A Son Rises in the East
“Hide your strength, bide your time, never take the lead” was the advice from Chinese leader Deng Xiaoping in the 1980s but that’s proving to be increasingly difficult considering China’s meteoric rise.
China is an illustrious civilization that invented gunpowder, paper, and printing. However, since the Renaissance it has been overshadowed technologically and militarily by the West. The Century of Humiliation from 1839 to 1945 saw British and French forces strong-arm China into permitting opium trading despite its devastating social toll. They have never forgotten, and it is unclear whether they can ever forgive.
Out of this century of struggle and chaos emerged a battle-hardened and deeply ideological cadre of leaders, in particular Mao Zedong, who attempted to enforce a unique version of Leninism with almost no regard for human life. In one example of his many catastrophic policies, the Great Leap Forward resulted in as many as 50 million deaths by starvation with even top officials foraging the countryside for food. While the great purges and ubiquitous threats from the Red Guards failed to usher in a Communist Utopia, dissent and critical thinking became a foreign concept for several generations.

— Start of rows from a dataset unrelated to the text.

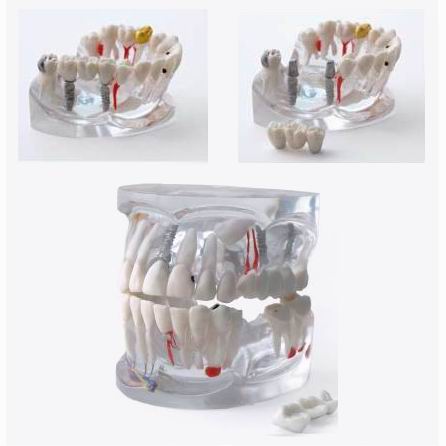 [z9615] Modelo transparente DS8000 Universal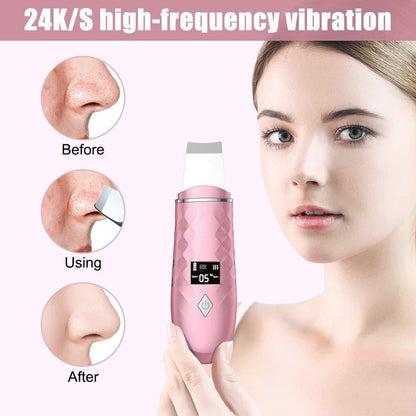 Ultrasonic Skin Scrubber & Pore Cleanser Device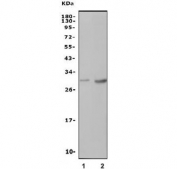 Western blot testing of 1) rat blood and 2) mouse thymus lysate with Cd94 antibody. Expected molecular weight: 19-30 kDa depending on glycosylation level.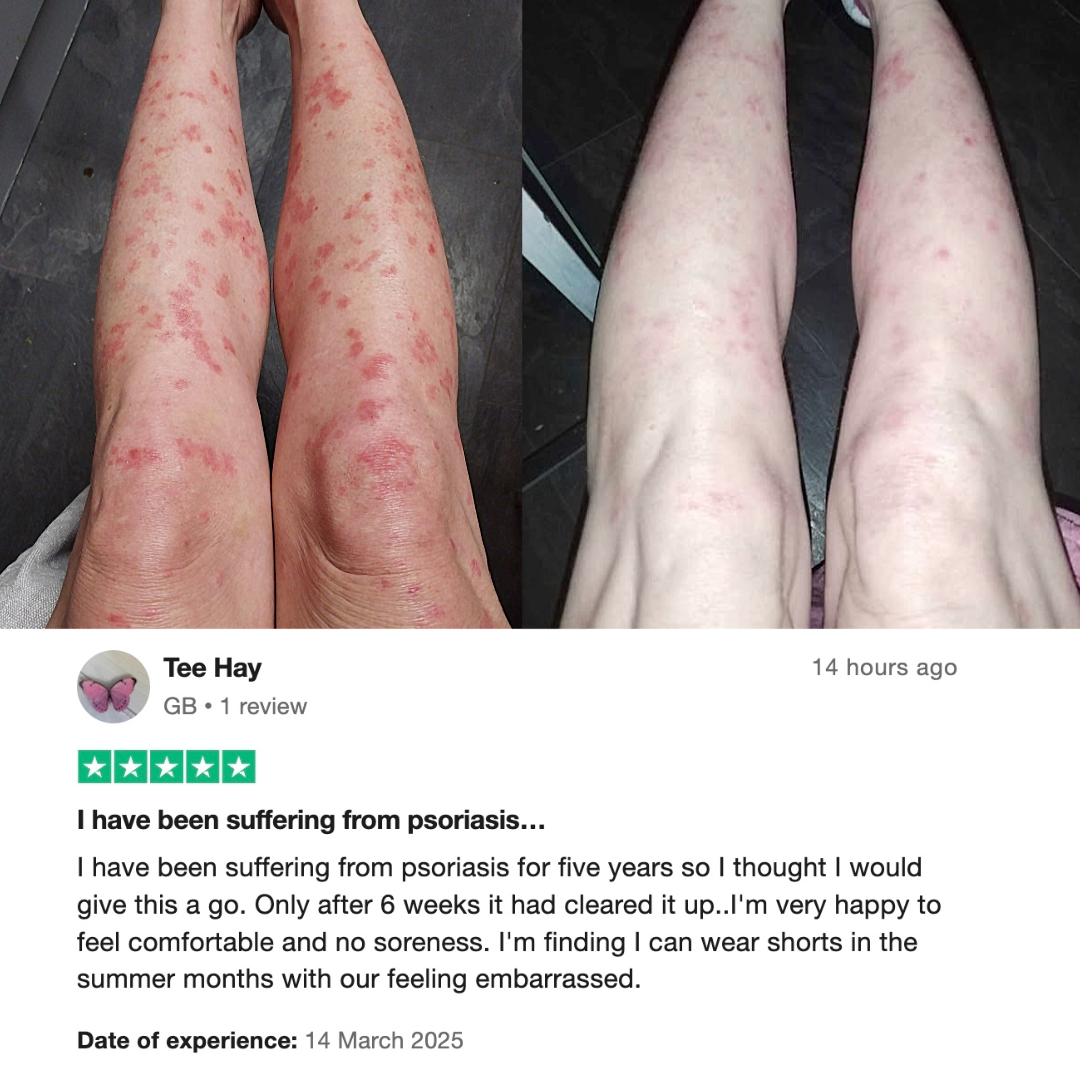 Skin Stuff 50ml – Soothe, Calm & Restore - BUY 1 GET 1 FREE TODAY!!!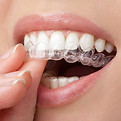 Alineador dental transparente
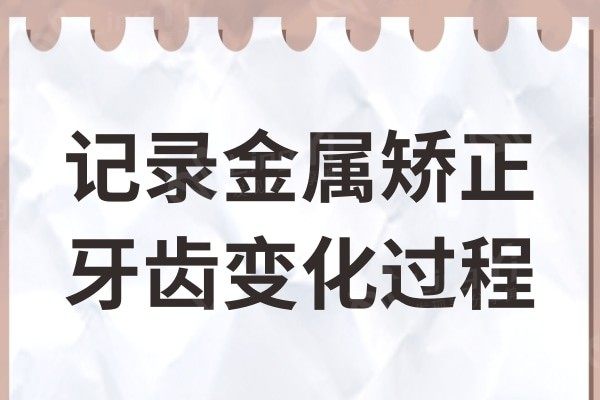 从自卑到自信，记录金属牙齿矫正变化的惊人过程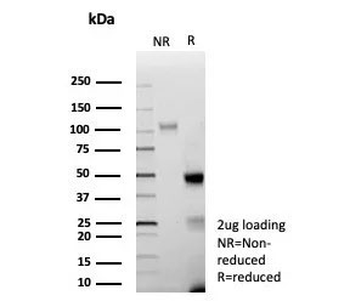 AR-V7 Antibody / Androgen Receptor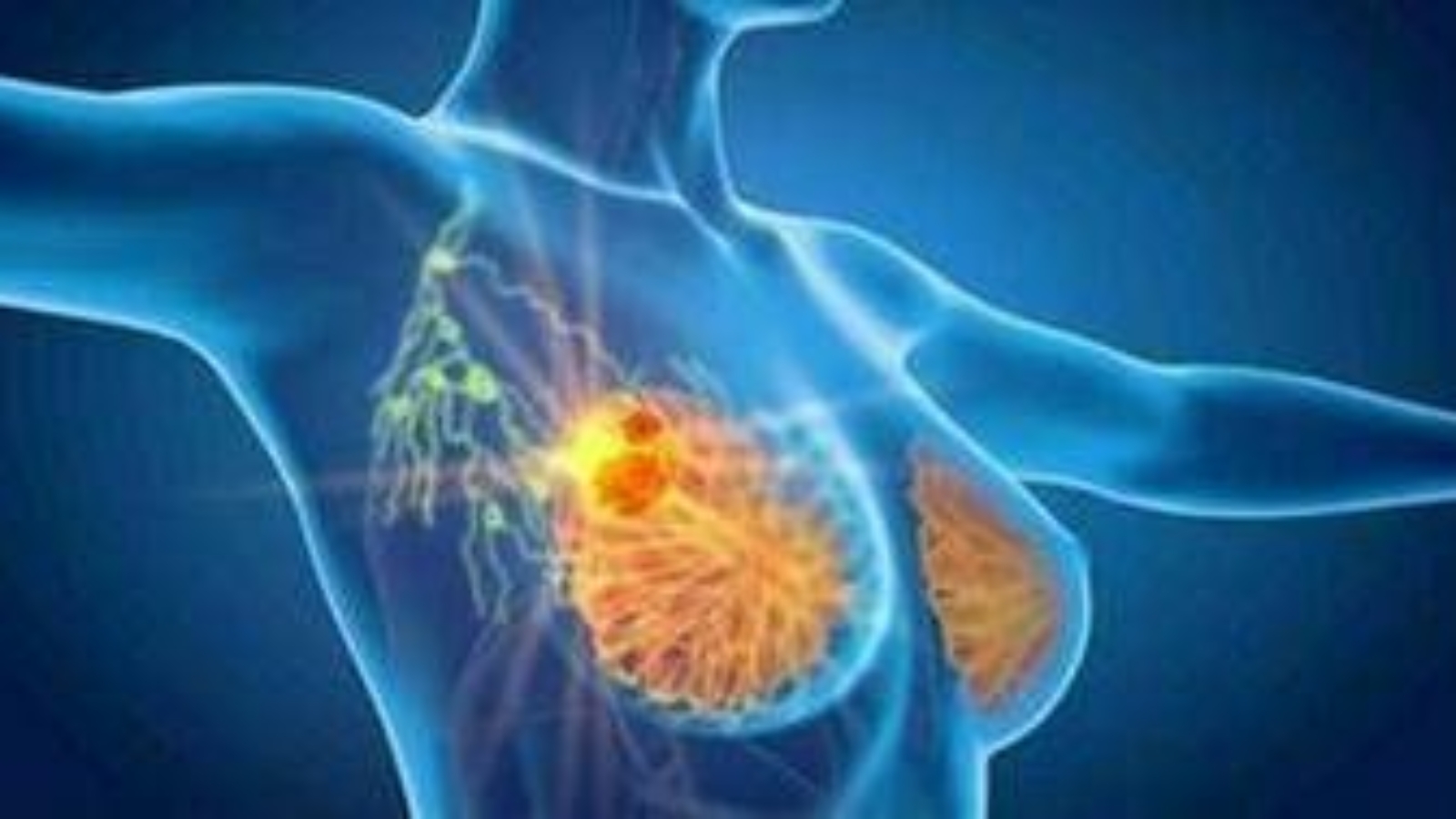Cancro seno iniziale Her2+, con anticorpo farmaco-coniugato -53% recidiva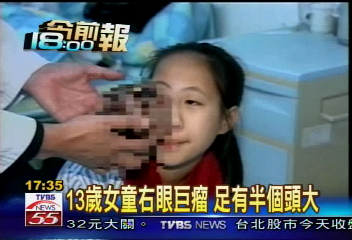 13歲女童右眼巨瘤 足有半個頭大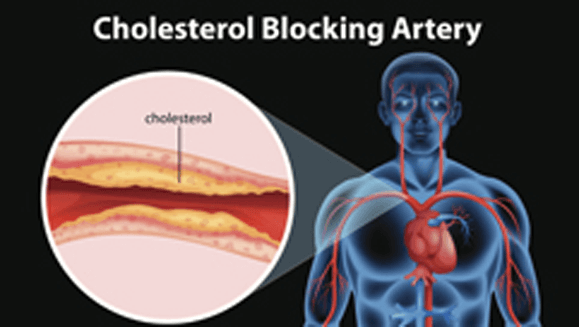 cholesterol-blocked artery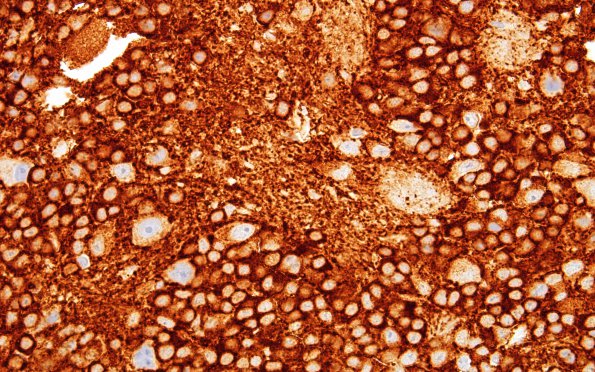 9B3 Pineoblastoma Gangliocytic (Case 9) SYN 60X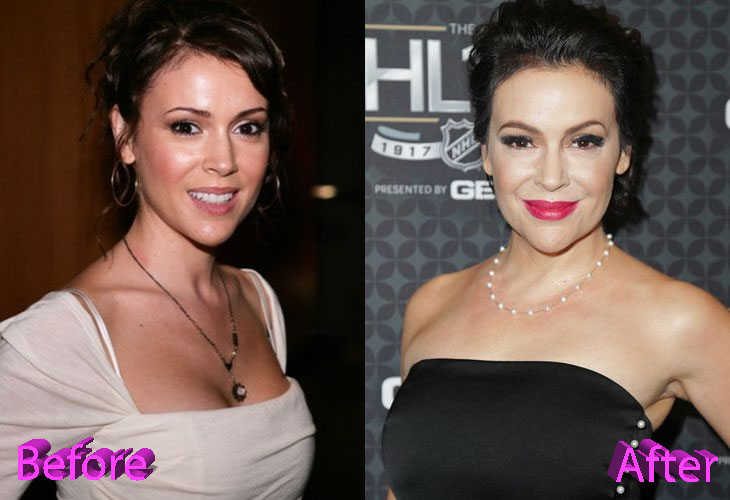 Alyssa Milano Plastic Surgery: And What Do You Think Of It?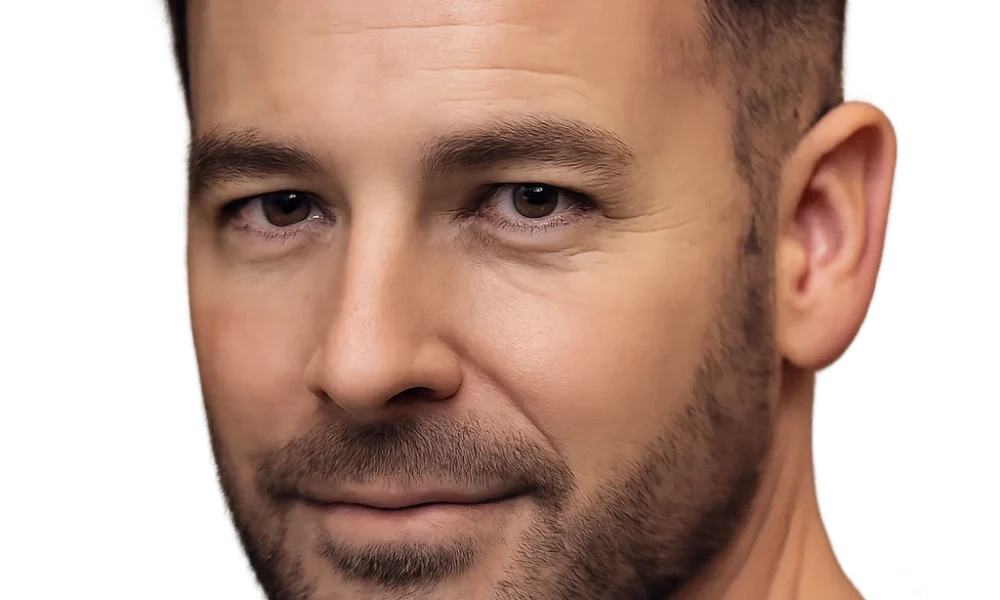 Best Hair Transplant Techniques in Dubai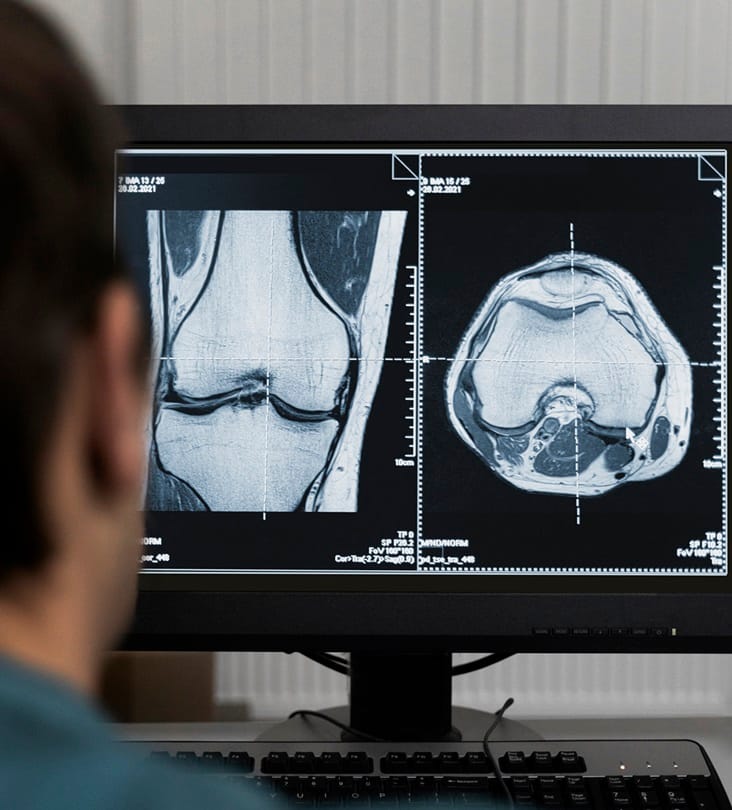 Tumor is de medische term voor zwelling of gezwel.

Princeling Xi Jinping was only 10 years old when his father Xi Zhongxun, Vice-Premier and Standing Member of the CCP Central Committee, was purged and eventually imprisoned. At 15, Xi left Beijing to live in a cave in Shaanxi Province and later pursued Chemical Engineering at Tsinghua University. He quietly rose through the ranks of the CCP after Deng Xiaoping became Chairman and rehabilitated the purged loyalists, including his father.
Deng Xiaoping abandoned Communism in all but it’s central authoritarianism. He opened up China economically and culturally and many Western observers started counting the days until China would become a liberal democracy. But China had already observed the Achilles Heel of liberalism, namely addiction and its softer variant vice, and they were determined to avoid any pitfalls that could jeopardize their return to greatness. The first indication that China would eschew liberalization was the crackdown on students in Tiananmen Square in 1989.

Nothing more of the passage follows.